Remix album by Sarah McLachlan
- Released: 6 December 1994 (Canada) 28 March 1995 (US)
- Recorded: 1994
- Genre: Pop rock
- Length: 32:31
- Label: Nettwerk (Canada) Arista (US)
- Producer: Pierre Marchand

Sarah McLachlan chronology
| Fumbling Towards Ecstasy (1993) | The Freedom Sessions (1994) | Rarities, B-Sides and Other Stuff (1996) |

= The Freedom Sessions =

The Freedom Sessions is an album by Sarah McLachlan which was released on 6 December 1994 on Nettwerk in Canada and on 28 March 1995 on Arista Records in the United States. The album contains previously unreleased alternative versions and remixes of seven songs that had appeared on McLachlan's 1993 album Fumbling Towards Ecstasy, as well as a cover version of "Ol' '55" by Tom Waits. Many of the tracks were recorded during the same sessions as Fumbling. In subsequent live performances, some of these songs (most notably "Ice Cream" and "Hold On") were reworked to match the style in which they were played on this album.

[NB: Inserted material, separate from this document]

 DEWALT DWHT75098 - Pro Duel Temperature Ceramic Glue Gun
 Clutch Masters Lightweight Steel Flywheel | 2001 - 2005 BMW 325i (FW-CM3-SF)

The album was released in two versions: a standard CD, and an enhanced CD containing CD-ROM bonus material including interviews and music videos. The album was one of the first major enhanced CD releases, and sold more than 200,000 units. As Toronto Star writer Peter Howell describes, The Freedom Sessions has "the distinction of being the first CD-ROM disc ever to chart on the influential Billboard Top 200 Albums chart".

Professional ratings
Review scores
| Source | Rating |
| Allmusic | link |
| Rolling Stone | link |

==Track listing==
All songs by McLachlan, unless otherwise noted.

=== CD: Standard release ===

1. "Elsewhere" – 4:33
2. "Plenty" – 3:20
3. "Mary" – 3:55
4. "Good Enough" – 3:20
5. "Hold On" – 6:43
6. "Ice Cream" – 2:30
7. "Ice" – 3:58
8. "Ol' '55" (Tom Waits) – 4:12

=== CD: Nettwerk / W2-36321 (Canada) ===

1. Data Track
2. "Elsewhere" – 4:33
3. "Plenty" – 3:20
4. "Mary" – 3:55
5. "Good Enough" – 3:20
6. "Hold On" – 6:43
7. "Ice Cream" – 2:30
8. "Ice" – 3:58
9. "Ol' '55" (Tom Waits) – 9:33

- Enhanced v2.0 release
- "Ol' '55" is followed by a second version of "Hold On" 4:52 which starts at 4:41

==Personnel==
- Sarah McLachlan - Vocals, Acoustic & Electric Guitars, Piano, Keyboards
- Luke Doucet - Slide Acoustic Guitar
- David Sinclair - Acoustic Guitar
- Pierre Marchand - Bass, Orchestra, Drum Programming, Percussion, Background Vocals
- Brian Minato - Bass
- David Kershaw - Bass, Piano, Hammond Organ
- Camille Henderson - Background Vocals
- Ashwin Sood - Drums, Djembe

==Charts==

| Chart (1994–95) | Peak position |
|---|---|
| Canada Top Albums/CDs (RPM) | 36 |
| US Billboard 200 | 78 |

==Certifications and sales==

| Region | Certification | Certified units/sales |
| Canada (Music Canada) | Platinum | 100,000^{^} |
| United States (RIAA) | Gold | 500,000^{^} |
^{^} Shipments figures based on certification alone.